The TameMyCerts policy module addresses, amongst others, the following use cases:

  • Certificate issuance must be delegated to a 3rd party service, for example, Mobile Device Management (MDM) systems like Microsoft Endpoint Manager (aka InTune) or VMware AirWatch/Workspace One, Network Device Enrollment Service (NDES) deployments or similar use cases that require the certificate template to be configured to have the enrollee supply the subject information with the certificate signing request in combination with direct certificate issuance. Without the module, there is absolutely no control over the issued certificate content.
  • The module can also mitigate the problem that certificates may be inconsistent among platforms (e.g. having differing subject information on a mobile phone managed by MDM than on a PC that uses Autoenrollment because of inconsistent configuration settings on the MDM) by enforcing certificate content.
  • It is also capable of ensuring that a user or computer account exists in Active Directory matching the requested certificate, and that it is enabled and member (or not) of specific security groups (e.g. this can prevent issuing certificates for administrative accounts via MDM).
  • Modifying the Subject Distinguished Name (DN) or Subject Alternative Name (SAN) of issued certificates based on individual rules containing values from the opriginating certificate request or from Active Directory object attribues (e.g. supplementing Organizational Units, or issuing certificates containing the DisplayName or UPN as identity) via offline and online certificate requests.
  • Adding the the newly introduced Security Identifier (szOID_NTDS_CA_SECURITY_EXT with object id that was introduced with KB5014754) extension into offline certificate requests, which e.g. allows you to use Microsoft Network Policy Server (NPS) with certificates issued to mobile devices and the like and avoid breaking authentication when "strong" certificate mapping will be enforced by Microsoft on February 11, 2025.
  • Technical or legal requirements to allow any kind of Subject RDN to be enabled for issuance on the certification authority (enabling CRLF_REBUILD_MODIFIED_SUBJECT_ONLY flag on the certification authority).

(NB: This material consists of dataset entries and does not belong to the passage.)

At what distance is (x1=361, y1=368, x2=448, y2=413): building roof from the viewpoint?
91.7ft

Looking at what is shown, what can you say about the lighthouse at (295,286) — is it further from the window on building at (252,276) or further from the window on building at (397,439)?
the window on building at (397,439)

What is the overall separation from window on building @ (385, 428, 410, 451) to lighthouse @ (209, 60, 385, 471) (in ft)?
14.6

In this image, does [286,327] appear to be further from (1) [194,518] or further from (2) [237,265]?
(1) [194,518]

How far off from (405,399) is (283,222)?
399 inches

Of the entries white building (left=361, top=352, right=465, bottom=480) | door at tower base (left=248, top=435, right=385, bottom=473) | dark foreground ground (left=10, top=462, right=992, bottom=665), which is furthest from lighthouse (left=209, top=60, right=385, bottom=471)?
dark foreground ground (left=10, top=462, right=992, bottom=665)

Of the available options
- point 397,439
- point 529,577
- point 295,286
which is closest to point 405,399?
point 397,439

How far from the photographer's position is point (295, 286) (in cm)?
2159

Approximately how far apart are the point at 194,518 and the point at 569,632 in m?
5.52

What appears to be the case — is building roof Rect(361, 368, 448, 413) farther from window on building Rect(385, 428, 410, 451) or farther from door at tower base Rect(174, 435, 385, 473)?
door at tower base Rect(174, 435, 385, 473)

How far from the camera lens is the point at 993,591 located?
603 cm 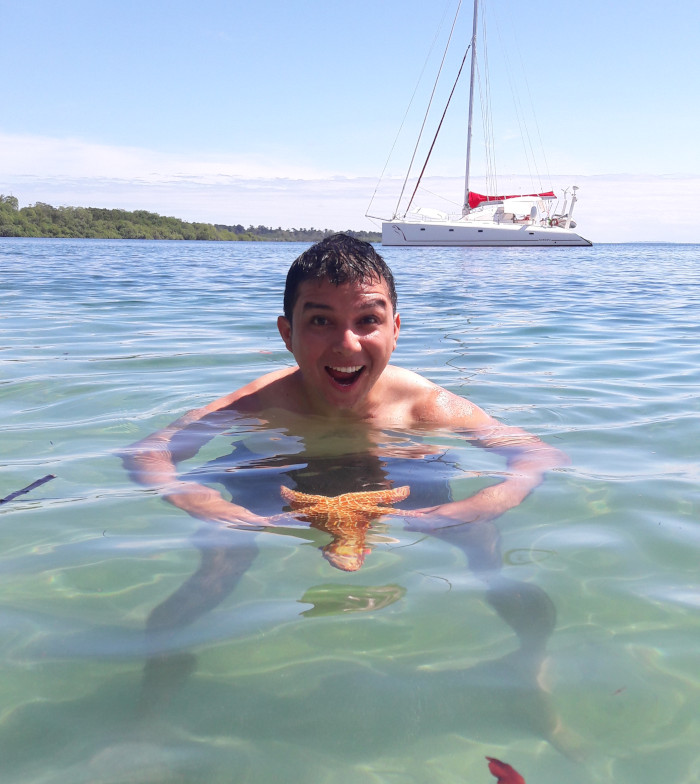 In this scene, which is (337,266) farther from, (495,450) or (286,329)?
(495,450)

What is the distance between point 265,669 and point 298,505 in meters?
0.92

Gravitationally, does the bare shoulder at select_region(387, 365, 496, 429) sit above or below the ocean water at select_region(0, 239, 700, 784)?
Result: above

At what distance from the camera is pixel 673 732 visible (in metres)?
1.43

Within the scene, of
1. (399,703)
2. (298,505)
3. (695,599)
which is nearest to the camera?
(399,703)

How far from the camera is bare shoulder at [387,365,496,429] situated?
11.3 feet

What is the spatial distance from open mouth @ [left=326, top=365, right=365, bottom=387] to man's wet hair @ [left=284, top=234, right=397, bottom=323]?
0.32 m

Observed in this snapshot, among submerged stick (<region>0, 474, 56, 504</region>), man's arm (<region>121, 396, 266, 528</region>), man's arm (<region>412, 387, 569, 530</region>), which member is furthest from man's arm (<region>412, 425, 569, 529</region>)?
submerged stick (<region>0, 474, 56, 504</region>)

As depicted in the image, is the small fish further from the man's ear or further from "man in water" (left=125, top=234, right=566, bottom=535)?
the man's ear

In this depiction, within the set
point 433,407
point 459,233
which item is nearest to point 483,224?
point 459,233

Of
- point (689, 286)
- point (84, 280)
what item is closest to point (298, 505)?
point (84, 280)

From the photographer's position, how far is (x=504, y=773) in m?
1.32

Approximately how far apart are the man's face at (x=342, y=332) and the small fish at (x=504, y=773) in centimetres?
171

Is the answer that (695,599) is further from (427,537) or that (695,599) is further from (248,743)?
(248,743)

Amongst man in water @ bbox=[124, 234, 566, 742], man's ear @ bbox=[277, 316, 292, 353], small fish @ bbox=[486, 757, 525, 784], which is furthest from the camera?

Without the module, there is no control over which exact Subject RDNs are allowed to be issued.
  • Certificate templates configured to allow Elliptic Curve Cryptography (ECC) keys. Without the module, it would be possible that certificates get issued that use small RSA keys (e.g. 512 bit or even smaller) even though these would be not allowed in the certificate template configuration, as the Windows Default policy module only validates the key length but not the key algorithm.
  • Issuance of certificates with a validity period within exactly defined timeframe (e.g. valid only exactly for one work shift), or having the requirement to have all certificates end by a specific date.
  • Preventing Users to request certificates from templates that are intended to be used solely with AutoEnrollment via alternative methods (e.g. MMC.exe).
  • TameMyCerts is also the perfect companion for the AdcsToRest REST API for AD CS or the awesome ACME-ADCS-Server project.